Avoiding pain can be incredibly damaging. Now, sometimes we have pain that tells us we need to change our actions–like when we are injured, or we feel guilt. But it’s not like good choices lead to comfort and bad choices lead to pain. Sometimes, really good choices result in a lot of pain. But they are still good choices. The easy choice can often be a very negative thing.

We should remember what we value and push ourselves to become better and better at living those values. While that can be painful, it can also bring us a great amount of joy.

It’s okay to make a decision even if you are uncertain

Recently, I’ve been making some decisions about my life. If you know me well, you know I am not the most decisive person in the world. I feel a lot of uncertainty sometimes, and it’s difficult for me to make a decision.

Part of this is that I see pros and cons without being able to measure them very well, and I focus on the fact that even good decisions aren’t perfect. I can’t see the future, so I’m not exactly sure if I will really enjoy something or not. I don’t know if it will be worth it. But I have to make that decision anyway.

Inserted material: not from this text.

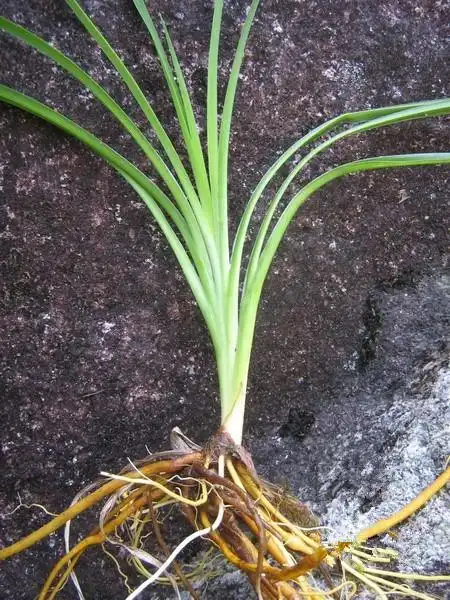 黄花菜的根叫金针头可煮肉吃治病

I want to be 100% certain of something before I decide to do it. But I’m rarely very certain of anything.

So instead of just going for it, I languish in the land of uncertainty.

The other day, as I was rethinking a decision yet again, I realized that I could still make the decision and be uncertain about it. I didn’t have to make a complex calculation of what was best and if it would be worth my time and money. I could just go for it and see.

I think that’s what decisive people are good at: they aren’t certain all the time, but they are willing to make decisions and go forward even with the uncertainty. If it feels and sounds mostly right, that’s enough.

I want to know exactly how things will turn out before they happen. I’m afraid of making mistakes. But we will make mistakes, and it’s okay. We just do the best with what we have and go forward without fear.